[PROBLEM REQUIREMENTS] Repeat the lines of the data exactly and exclude any picture among them.

[DATASET EXTRACT]
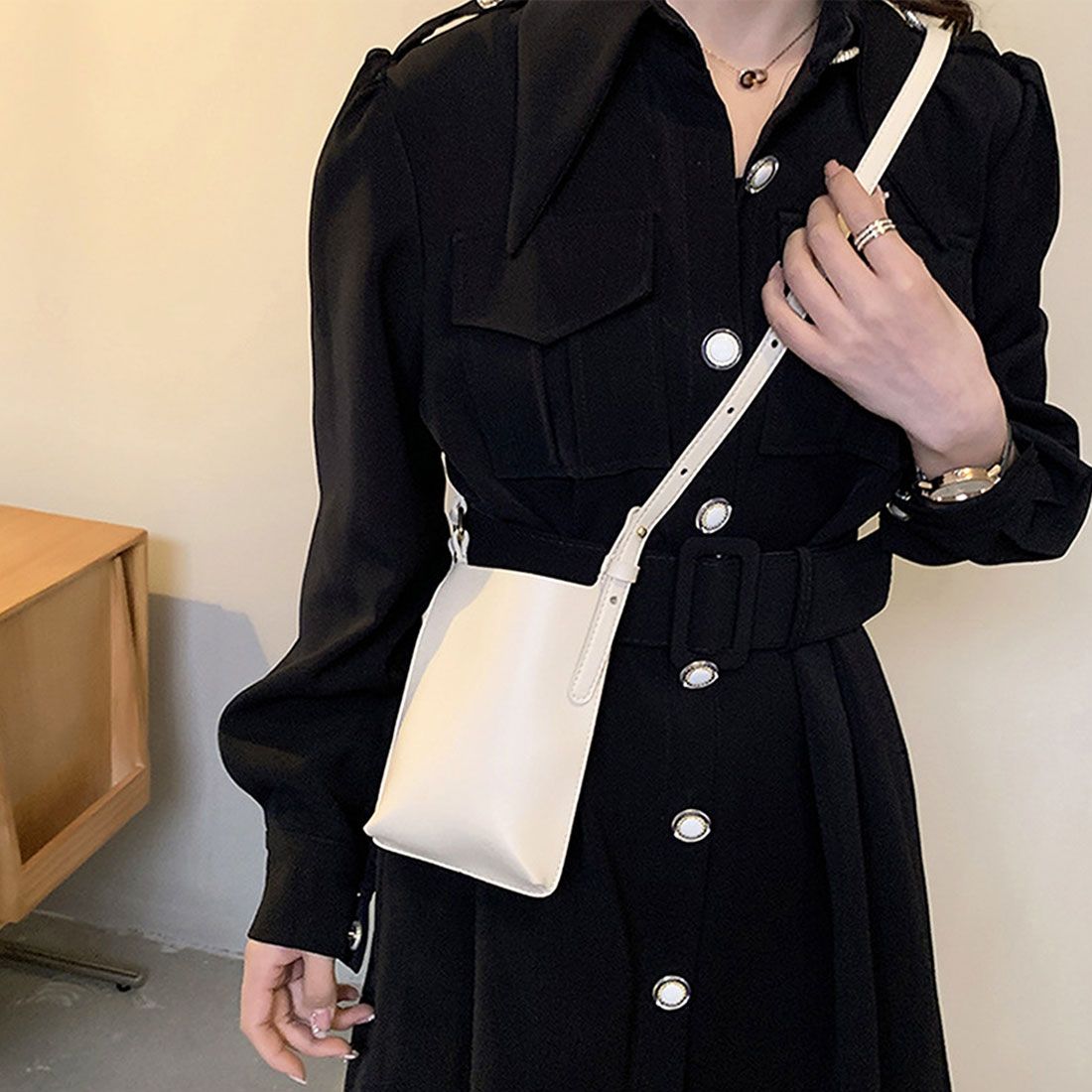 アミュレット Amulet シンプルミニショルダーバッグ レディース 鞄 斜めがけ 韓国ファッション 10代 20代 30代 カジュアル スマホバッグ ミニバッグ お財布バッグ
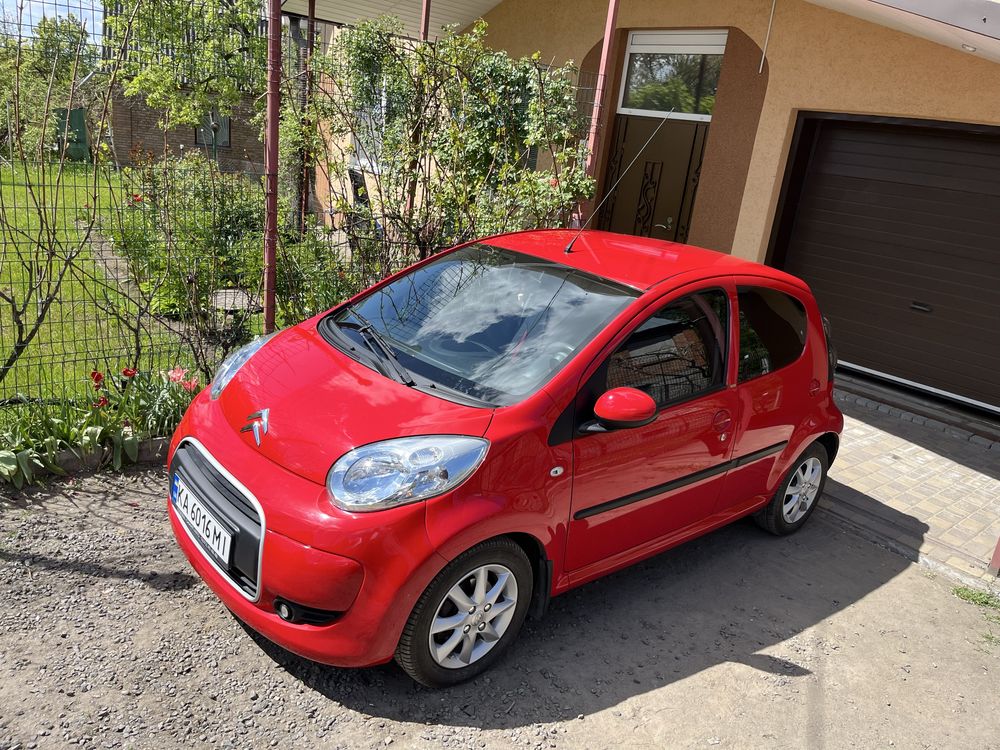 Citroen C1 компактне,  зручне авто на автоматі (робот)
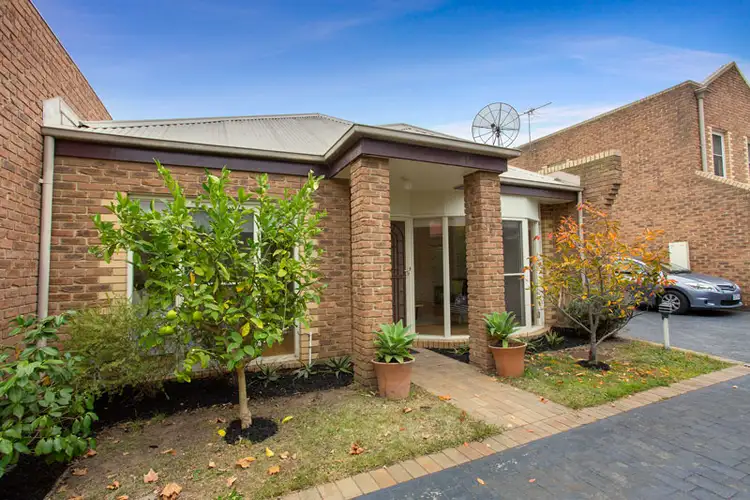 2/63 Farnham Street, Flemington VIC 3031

[ANSWER TO THIS TASK]
 アミュレット Amulet シンプルミニショルダーバッグ レディース 鞄 斜めがけ 韓国ファッション 10代 20代 30代 カジュアル スマホバッグ ミニバッグ お財布バッグ
 Citroen C1 компактне,  зручне авто на автоматі (робот)
 2/63 Farnham Street, Flemington VIC 3031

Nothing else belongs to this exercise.